What to work on.
All of the listing, from first line to last, should be output exactly; the pictures stay out.
+++ Data extracts +++
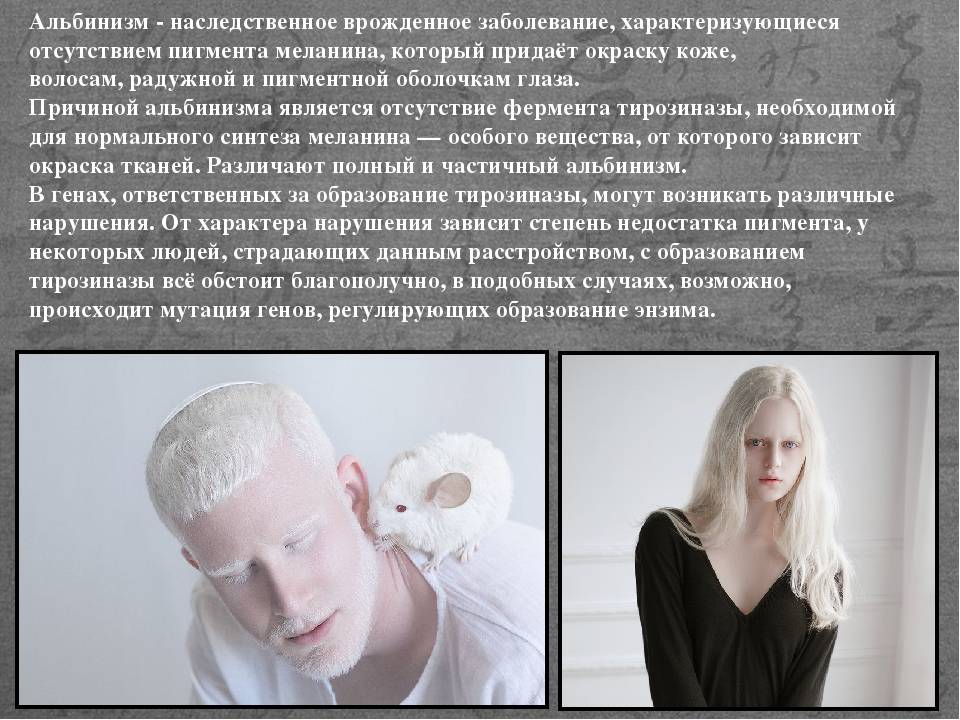 Сообщество пациентов с альбинизмом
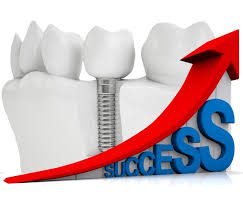 میزان موفقیت ایمپلنت دندان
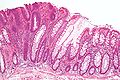 Precancer – Tubular adenoma (left of image), a type of colonic polyp and a precursor of colorectal cancer. Normal colorectal mucosa is seen on the right.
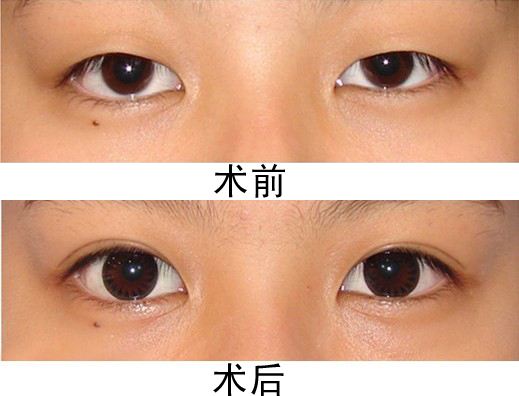廣州做<a href=http://www.sbs17.com/listinfo-724-0.html target=_blank class=infotextkey>雙眼皮</a>多少錢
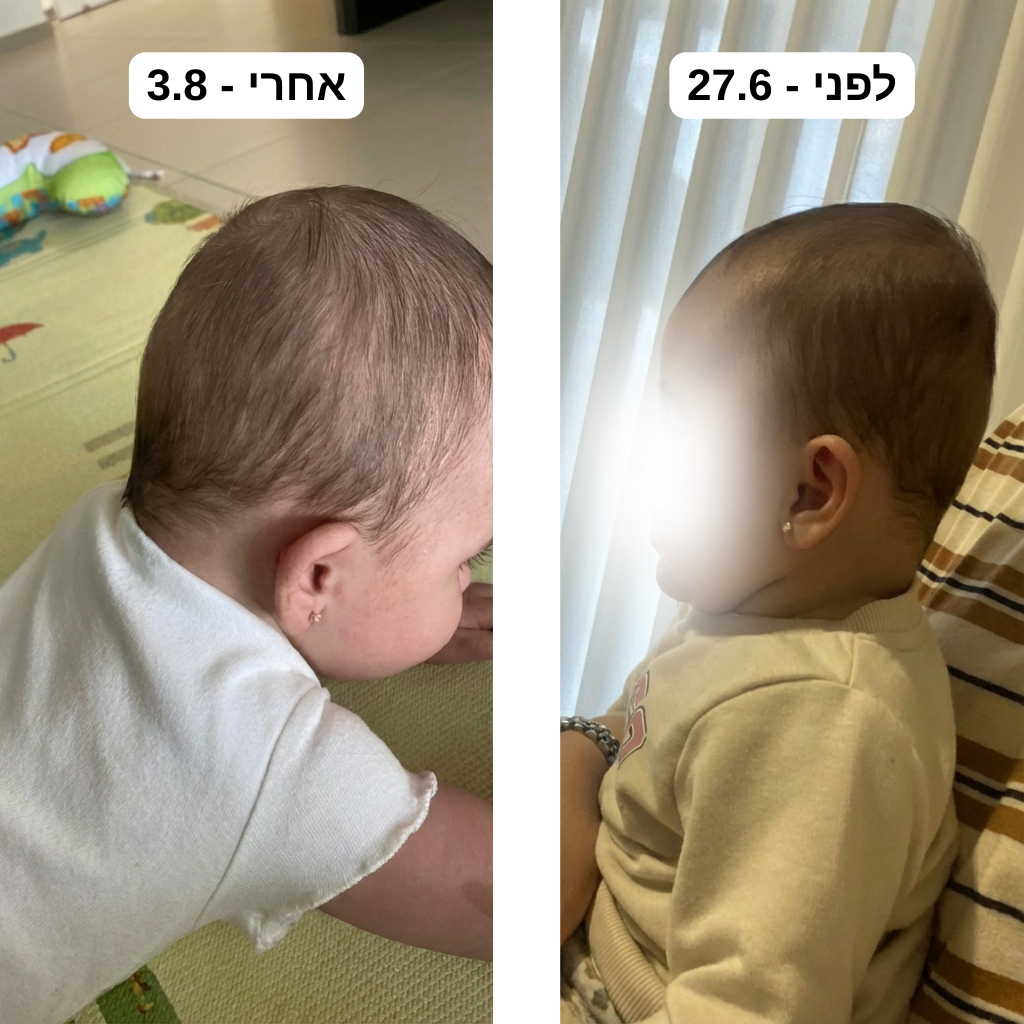 כרית תינוקות | למניעת ראש שטוח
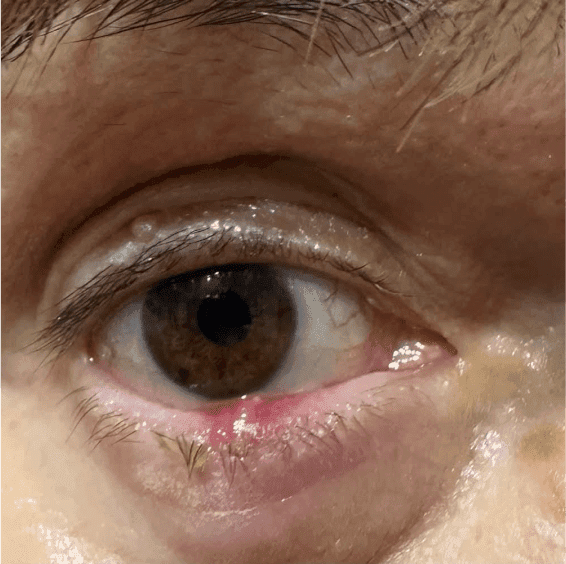 Eyelid Cancer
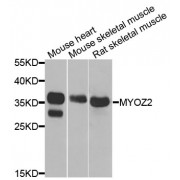 Western blot analysis of extracts of various cell lines, using MYOZ2 antibody (abx004959) at 1/1000 dilution.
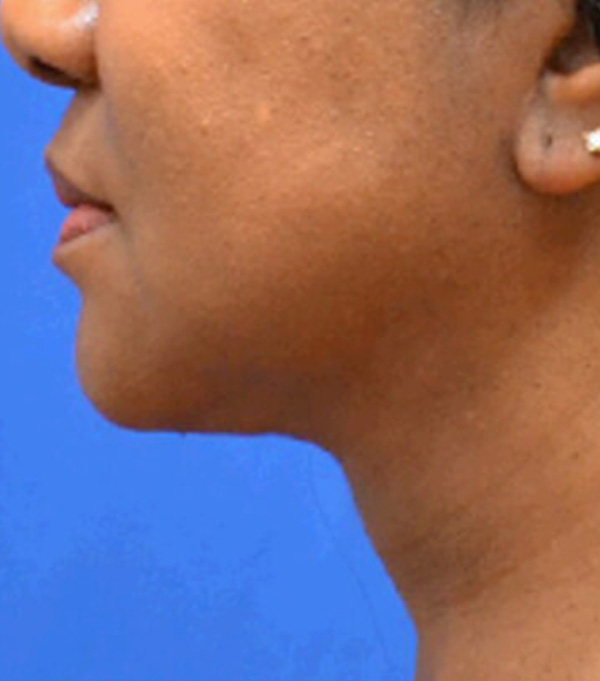 Thermineck And Thermilift Before and After | Flawless Aesthetic Center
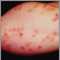 Dermatitis herpetiforme en el antebrazo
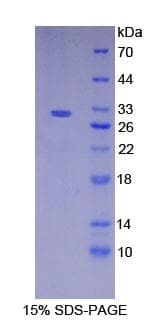 Human NCSTN / Nicastrin Protein (Recombinant His-T7)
+++
Solution to this exercise.
 Сообщество пациентов с альбинизмом
 میزان موفقیت ایمپلنت دندان
 Precancer – Tubular adenoma (left of image), a type of colonic polyp and a precursor of colorectal cancer. Normal colorectal mucosa is seen on the right.
廣州做<a href=http://www.sbs17.com/listinfo-724-0.html target=_blank class=infotextkey>雙眼皮</a>多少錢
 כרית תינוקות | למניעת ראש שטוח
 Eyelid Cancer
 Western blot analysis of extracts of various cell lines, using MYOZ2 antibody (abx004959) at 1/1000 dilution.
 Thermineck And Thermilift Before and After | Flawless Aesthetic Center
 Dermatitis herpetiforme en el antebrazo
 Human NCSTN / Nicastrin Protein (Recombinant His-T7)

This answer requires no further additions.